== Segment start ==

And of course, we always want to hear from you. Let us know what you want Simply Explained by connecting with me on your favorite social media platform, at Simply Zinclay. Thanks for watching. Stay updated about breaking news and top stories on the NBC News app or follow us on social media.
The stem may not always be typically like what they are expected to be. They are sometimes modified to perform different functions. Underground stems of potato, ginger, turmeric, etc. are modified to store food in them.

== Segment end ==
== Segment start ==

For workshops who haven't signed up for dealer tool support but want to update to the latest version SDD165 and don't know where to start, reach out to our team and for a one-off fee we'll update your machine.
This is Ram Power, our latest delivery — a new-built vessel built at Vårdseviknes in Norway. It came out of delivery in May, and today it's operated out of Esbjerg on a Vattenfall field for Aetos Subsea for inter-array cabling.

== Segment end ==
== Segment start ==

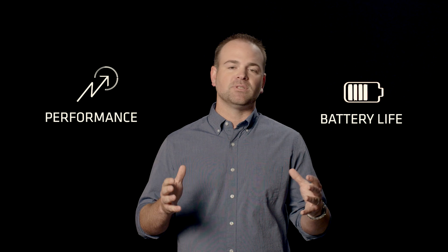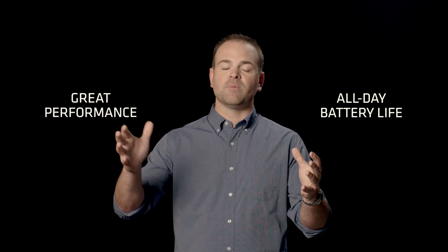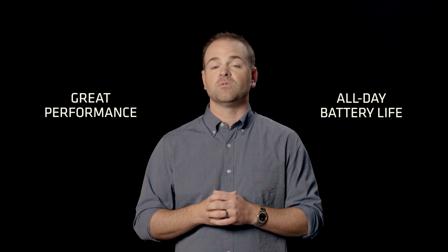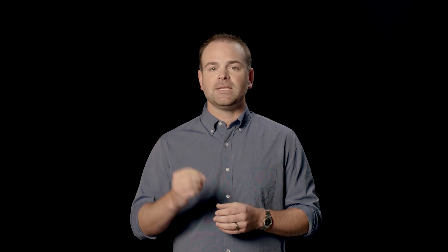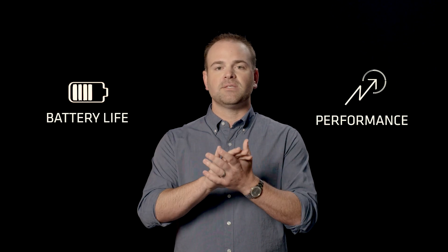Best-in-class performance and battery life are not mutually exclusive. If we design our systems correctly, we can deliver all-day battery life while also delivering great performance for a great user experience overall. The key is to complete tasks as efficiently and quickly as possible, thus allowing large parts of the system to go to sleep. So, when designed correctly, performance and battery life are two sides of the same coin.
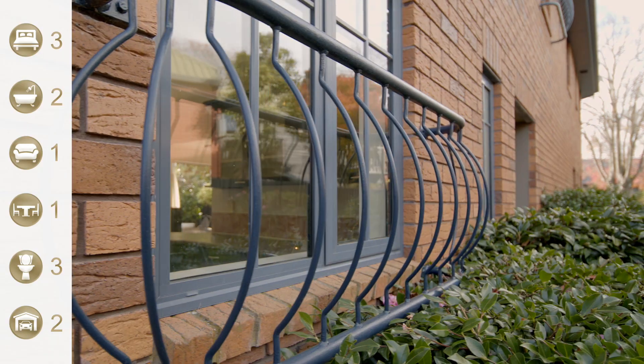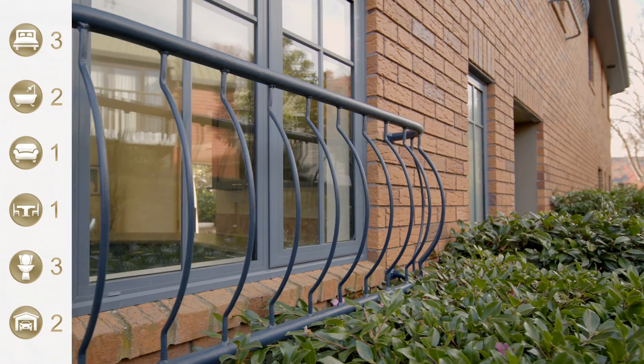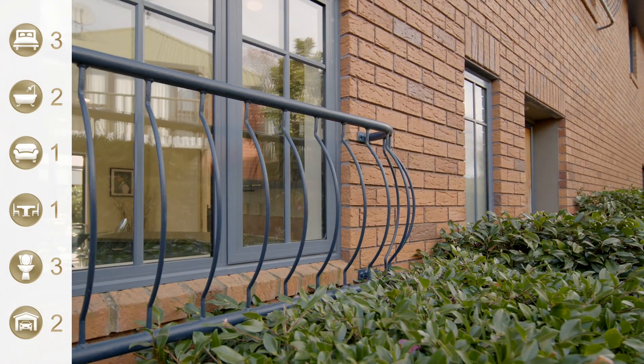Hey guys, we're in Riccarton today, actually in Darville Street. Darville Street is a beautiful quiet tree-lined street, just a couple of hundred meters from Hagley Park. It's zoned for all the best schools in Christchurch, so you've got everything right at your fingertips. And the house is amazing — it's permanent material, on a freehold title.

== Segment end ==

## Task to complete:
Retype only this portion of the data above: the line containing "And of course, we", the line containing "The stem may", and all lines between them, exactly.

## Response to the exercise:
And of course, we always want to hear from you. Let us know what you want Simply Explained by connecting with me on your favorite social media platform, at Simply Zinclay. Thanks for watching. Stay updated about breaking news and top stories on the NBC News app or follow us on social media.
The stem may not always be typically like what they are expected to be. They are sometimes modified to perform different functions. Underground stems of potato, ginger, turmeric, etc. are modified to store food in them.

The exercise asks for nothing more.